Chester closed the door and hurried to his room. He knew what was about to be said, and he was in such an intense state of irritation, that he could not trust himself to reply, but took hat and coat directly, went out, and jumping into the first cab was driven to his club, where he spent the morning in the library, examining books on landed gentry, peerages, baronetages, everything he could find relating to armorial bearings, and finding crest after crest of mailed arms holding swords, daggers, spears, flowers, plumes, hearts, and arrows, but nothing which quite answered to the seal.
After a hasty lunch he went out to resume his search for the house, and for the next fortnight this was his life, seeking, and seeking in vain, for he found hundreds, each of which might very well have been that which he sought, till one afternoon he was walking down formal old streets of gloomy mansions, when his eyes lit upon a house, one of fifty almost alike, double-fronted with a broad entrance, and exactly what he felt the place must be that he sought.
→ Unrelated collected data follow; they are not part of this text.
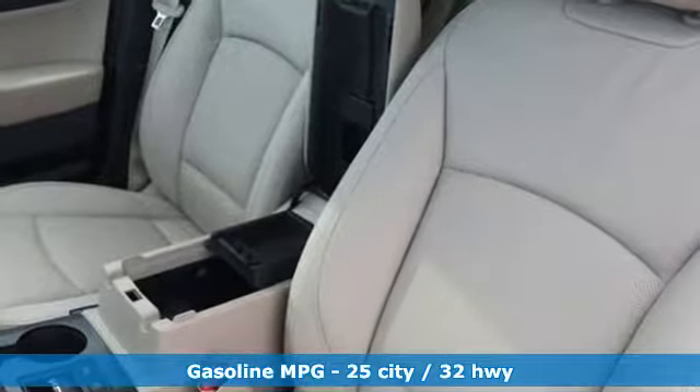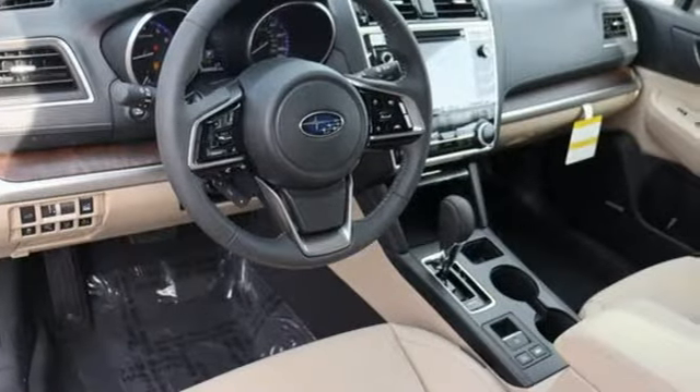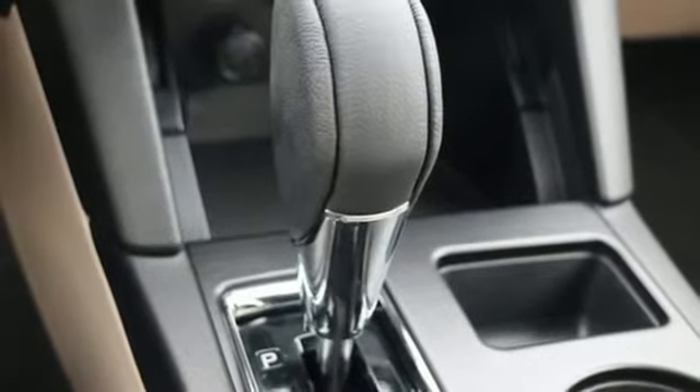Streaming audio, power heated mirrors, heated leather bucket seats, auto dimming rear view mirror, doors and push button start proximity key.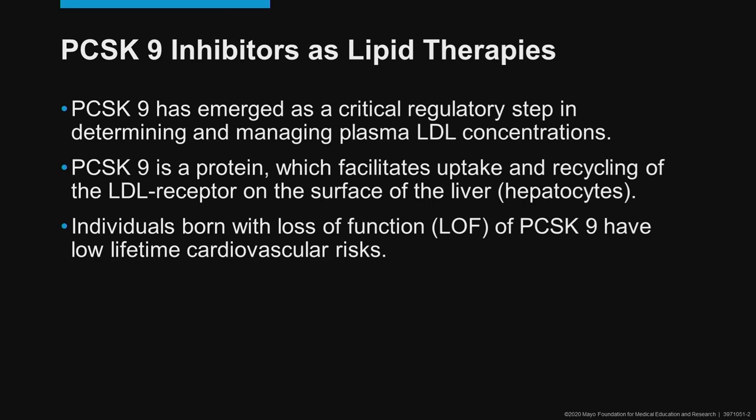PCSK9 inhibitors have been lipid therapies now for a few years. They were discovered sometime after the year 2000, initially in the lab of Helen Hobbs at UT Southwestern in Dallas, when they were looking at a family of individuals who had quite good longevity and freedom from cardiovascular disease.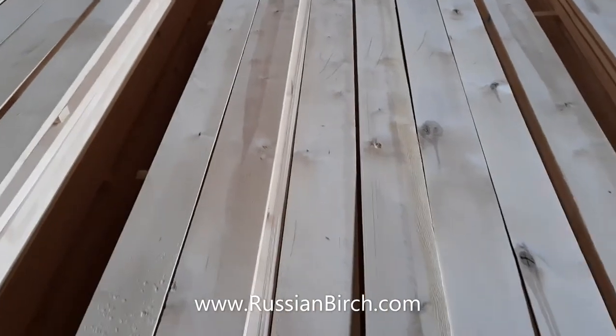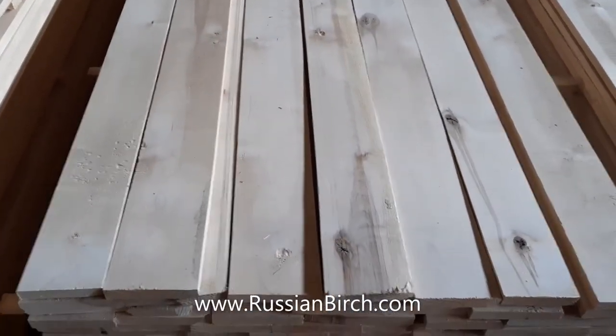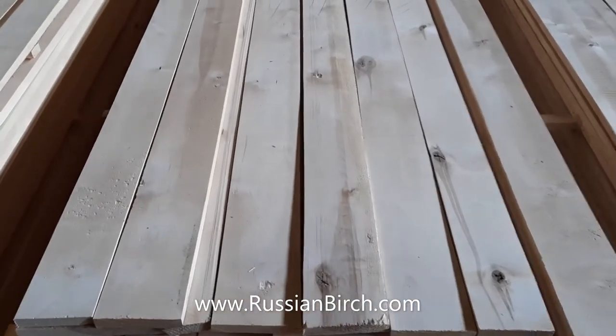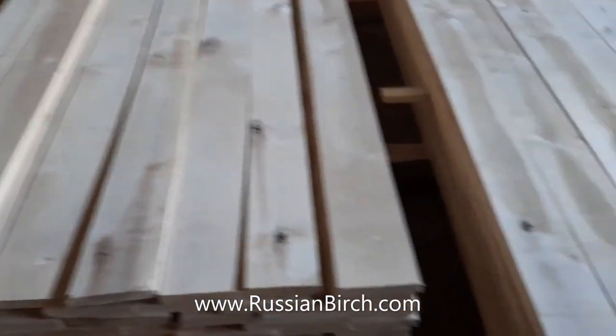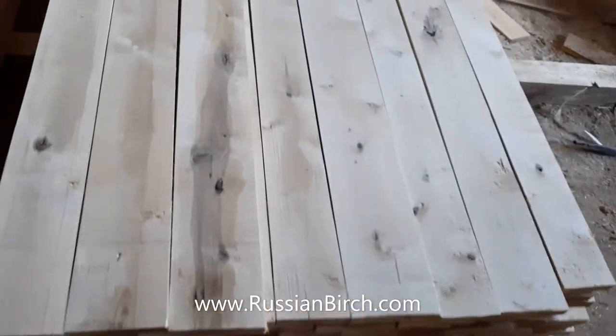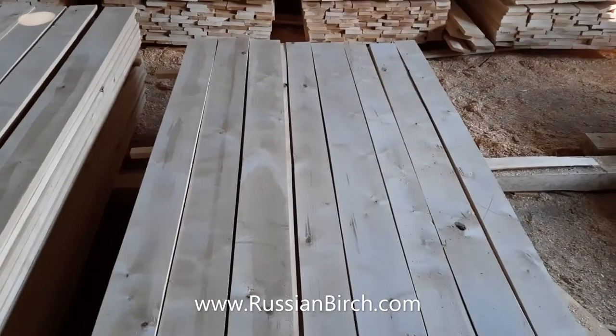As you can see, the lumber is color selected. It's allowed one face to have a hardwood. And this one is a frame grain lumber, quite good for upholstered furniture.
He had passed it a dozen times before, but it had never impressed him, and with a strange feeling of elation, as he noted its gloomy aspect, uncleaned windows, and air of neglect, he grew certain that he had made the discovery at last.
The next thing was to note the number and examine a Directory, and walking rapidly on without daring to look for fear of being observed, he went to the end of the street, crossed over, and returned, read the half-obliterated number on the time-worn door as he rapidly passed, and once more had himself driven to his club.
“Found at last,” he muttered, as he opened the great Directory and found the number, and name, “Westcott.”
Not much, but something within him made him feel that he was right, and he closed the book, drawing a deep breath, and went straight to the great grim street.
He had made no plans, but had determined upon a bold attack as the likeliest way of obtaining entrance. The old housekeeper would answer the door, and threats, cajoling, or bribery he was determined should be his pass-key, for see Marion and be assured of her safety he would, even, he told himself, if he had to use force.
For one moment only he hesitated before he plunged into the lion’s jaws, as it were—should he speak to a policeman and tell him how to act if he did not soon return?
“No,” he said; “it would be too cowardly, and I might injure her.”
The next minute he had given a heavy peal on knocker and bell, listened to the hollow echoes raised within the forbidding place, and stood waiting for the opening of the door.